The tennis analogy speaks to our score, our fight, our plight and the futility of individuality over collectivity. We are in "love" with those who are beating us down. They are way ahead in the game, and we are in "love."
We get the emotional reward of feeling good, while they get the substantive economic rewards of writing all the rules and controlling the game. Did I mention they also own the court?
Ownership and control of the wealth of this country are paramount to the progress of any group that lives here.
Black people have resided here since the country started, and we own very little of the wealth and resources, much less make any of the rules that control the game. Black people should revert to the economic practices of our parents and grandparents prior to integration. They aggregated their resources; they supported one another; they built their own "tennis courts," managed them and wrote the rules for them as well.
Yes, divide and conquer soon came in the form of the fear of being physically destroyed and murdered, as in the case of the Tulsa atrocities in 1921. Then the divide and conquer tactic came in the form of expressways through every Black community, under the mantra of "Urban Renewal," creating dividing lines that pushed us farther apart.
Now the game has been elevated to an even more sophisticated level. Some Black people are made to feel they are better than other Black people because of their status, their material possessions, their abilities, and their education. We have acquiesced to so many strata among our people that it is hard to figure out who is where, the broad categories being, of course, the haves and the have-nots.

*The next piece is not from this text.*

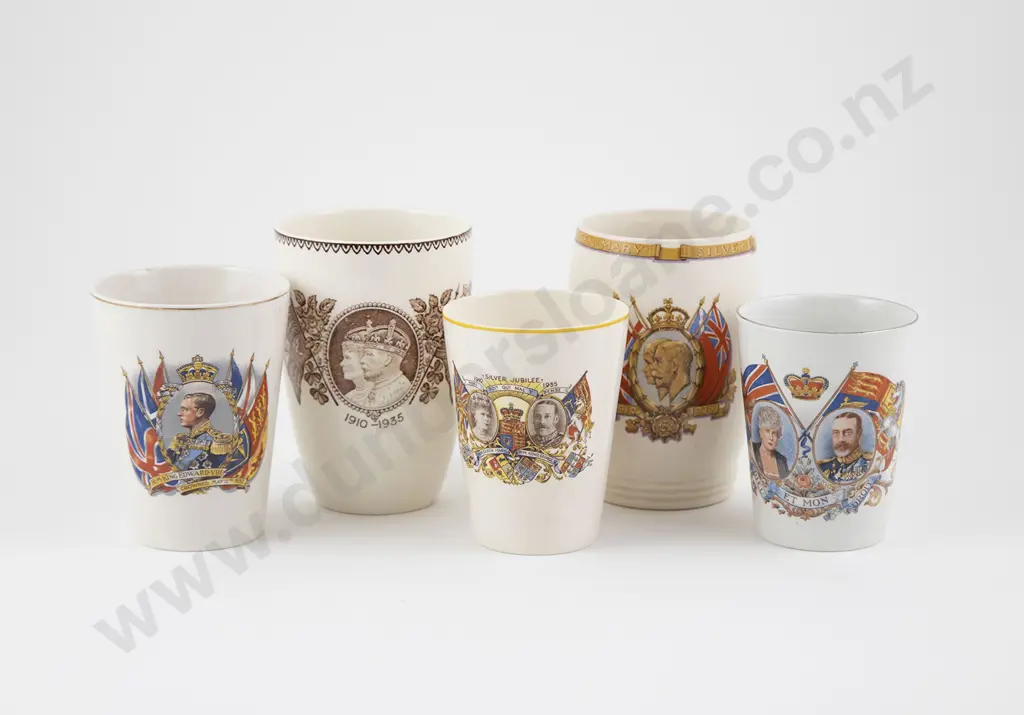 Five Royal Commemorative Beakers Image 1++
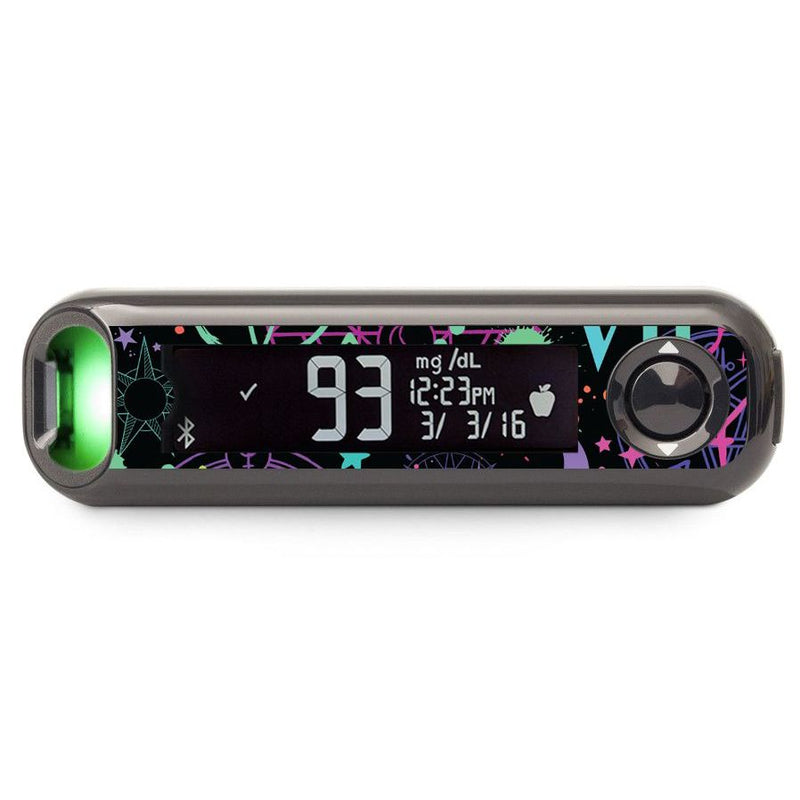 Peelz Supernatural Symbols Bayer Contour© Next One Glucometer Peelz/Stickers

Divided, we have fallen to a low level of respect from others as well as among ourselves. Divided, we have gone from a people who would take things into their own hands and do for themselves, to a timid, tepid, tired people who depend on "programs" and outsiders to "rescue" us -- after they were the ones who put us in this situation in the first place. Divided, we have come to the point of now having to make a final decision on the future of our children.
Are we going to continue to play tennis on that sloppy, mud-filled end of the court? Are we going to continue taking those monster serves and volleys without the slightest chance of returning them? Will we keep playing the game with a worn-out, 45-year-old political racket, rather than arming ourselves with a brand new economic racket?
If we don't change the way we play the economic game, we will soon be hearing the umpire say, "Game! Set! Match!" And we will have lost the game of our lives.
James Clingman is an author and the founder of the Greater Cincinnati African American Chamber of Commerce.